Nightly build unit test passes
Nightly build unit test failed:
TaskRun is: pipeline-release-nightly-gkd24-unit-tests-l2pdb
Failure:
--- FAIL: TestReconcile_ExplicitDefaultSA/success (0.08s)
Tekton Pipeline version: v0.13.2
I tried to reproduce this locally and failed:
go test -race -cover -count=10 -run="TestReconcile_ExplicitDefaultSA" ./pkg/reconciler/taskrun
@dibyom any logs below the FAIL: ? (to see where did it fail)
/area testing
Nothing unfortunately:
[unit-test] --- FAIL: TestReconcile_ExplicitDefaultSA (0.14s)
[unit-test] --- FAIL: TestReconcile_ExplicitDefaultSA/success (0.08s)
[unit-test] FAIL
[unit-test] FAIL github.com/tektoncd/pipeline/pkg/reconciler/taskrun 22.590s
[unit-test] FAIL
The command I used is (you have to be connected to the dogfooding cluster) :
tkn tr logs pipeline-release-nightly-gkd24-unit-tests-l2pdb
This looks like it's passing now: https://dashboard.dogfooding.tekton.dev/#/namespaces/default/pipelineruns/pipeline-release-nightly-snb9k
Should this be closed/dropped in priority?

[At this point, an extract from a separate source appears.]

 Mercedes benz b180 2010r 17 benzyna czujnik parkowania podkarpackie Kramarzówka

It's marked critical-urgent still
I think the point was that this is non-deterministic - let's leave it open until we feel we understand why the race occurred.
This test has failed during nightlies on two of my build cop rotations in a row. I'll assign this to myself and see if I can figure out what's triggering the random behaviour.

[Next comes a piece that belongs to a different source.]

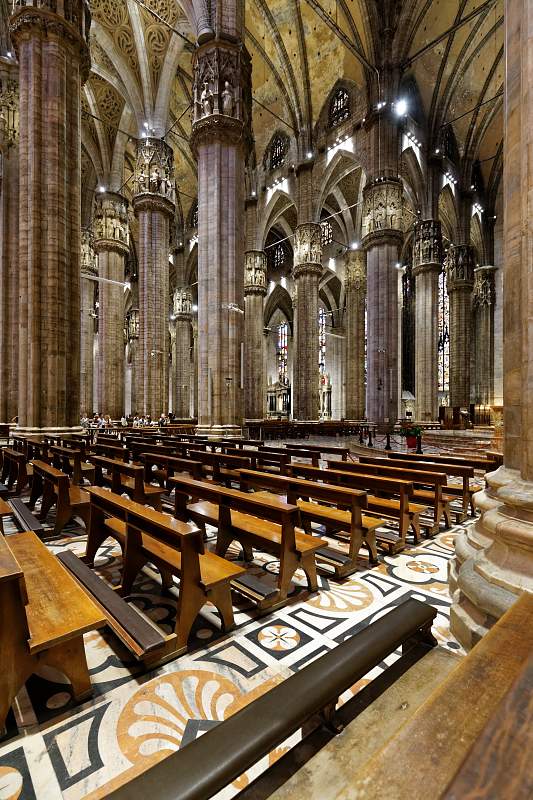 IT-Milano-Cattedrale-E6D_2016-08-13_9115_0001.jpg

Error capture from latest nightly: https://gist.github.com/sbwsg/ce24e70e389e205dcb9d0890afc4193c
* failed to create task run pod "test-taskrun-run-success": translating TaskSpec to Pod: serviceaccounts "default" not found. Maybe missing or invalid Task foo/test-task
I'm not able to reproduce this. Tried with various combinations of -cpu, -race and -count with no failures. I'm going to unassign myself because I'm not sure how to make progress.

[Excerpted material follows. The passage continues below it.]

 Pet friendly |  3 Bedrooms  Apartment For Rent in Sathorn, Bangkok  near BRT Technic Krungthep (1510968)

fyi this test failed again last night: https://dashboard.dogfooding.tekton.dev/#/namespaces/default/pipelineruns/pipeline-release-nightly-h75d5
Closing for now. We've merged a couple fixes towards this so should reopen or start a new one if we see the problem surface again.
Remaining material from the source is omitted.